Our current economic system takes the concept of the homo oeconomicus for granted. It has colonized the human mind and overtaken the diversity and wealth of human capabilities. It is time to embrace a more holistic view on human behavior, and the many ways it can be life-serving, and life-affirming.
The concept of the homo oeconomicus is often the first thing we learn about economics, whether implicitly by basically any sales advert, or in an introductory session on economics. It embodies the model behavior all our business plans, marketing strategies, budget plans, insurance policies and all the other projections and plans we make in the economy are based on. It has even been adapted into the area of political economy, and of course famously to public choice theory, to analyze or predict political behavior. The homo oeconomicus is the model of perfect rationality: a human being always looking to satisfy his – or her – self-interest and maximize utility wherever possible. Additionally, this model human has complete information about all markets and the properties of all goods.

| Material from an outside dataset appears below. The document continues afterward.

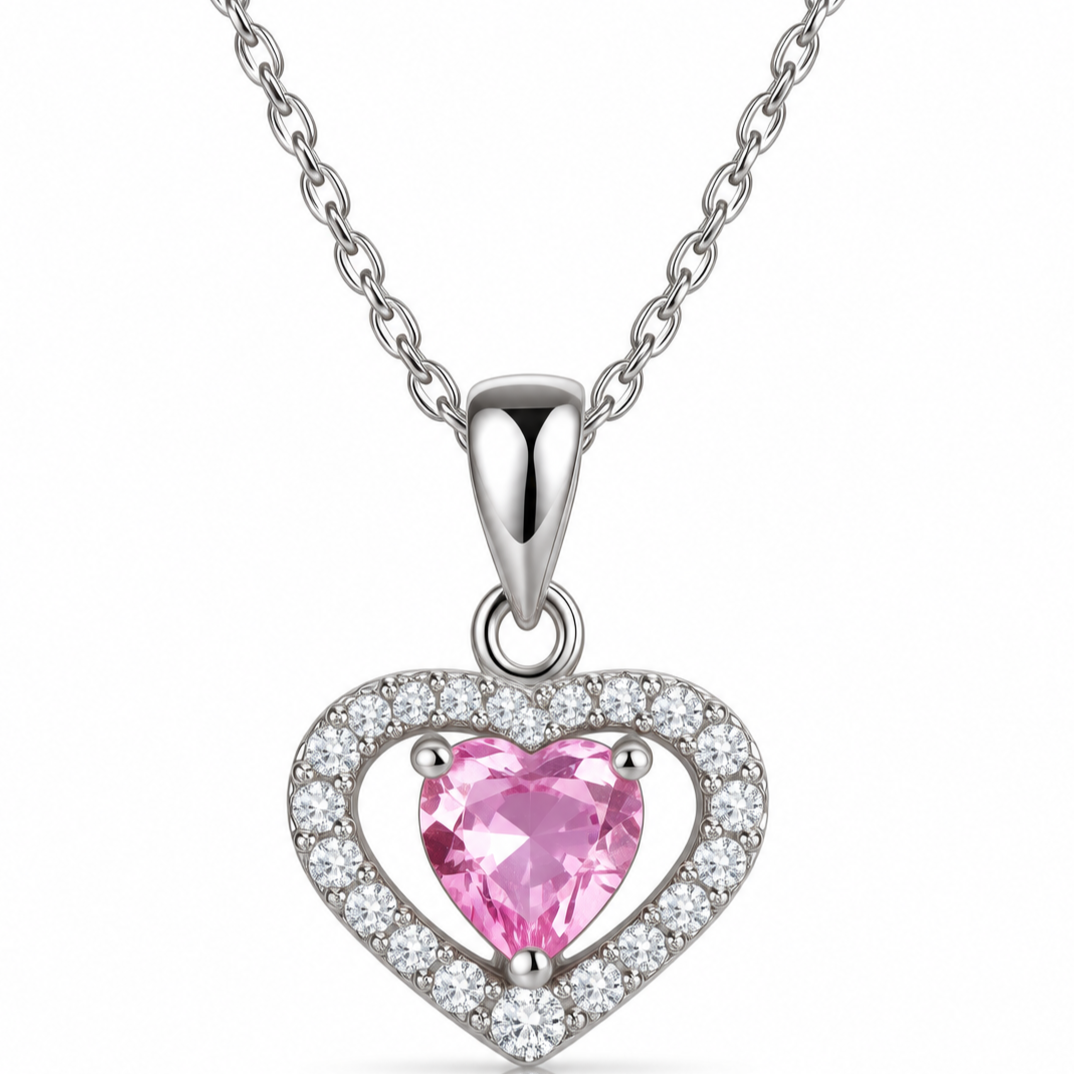 Pembe Zirkon Taşlı Gümüş Kalp Kolye – 45 cm Kadın Kolye — Nes Altın — görsel 2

The human mind is capable of more than cost-benefit analysis
If we take the element of perfect knowledge on markets and goods aside, it assumes that human being’s behavior is always logical and based on a cost-benefit analysis. It embodies a perfection of the model human behavior that became the ideal in the West with the renaissance. Obvious criticism of this model is of course that it is too egoistic, cannot account for altruistic behavior, or any behavior that cannot be understood as generating the best use and return for the individual.
Indeed, proponents are far from it to classify partnerships or altruistic behavior as incompatible with the homo oeconomicus. Sacrifices or compromises in for others can in some situations be the best option available – but this choice would not be made if a higher utility for that individual could be achieved with a different option. It reduces partnerships and altruistic behavior to being only a community of convenience, where the individual will break out whenever possible of if he or she can satisfy personal needs without assistance.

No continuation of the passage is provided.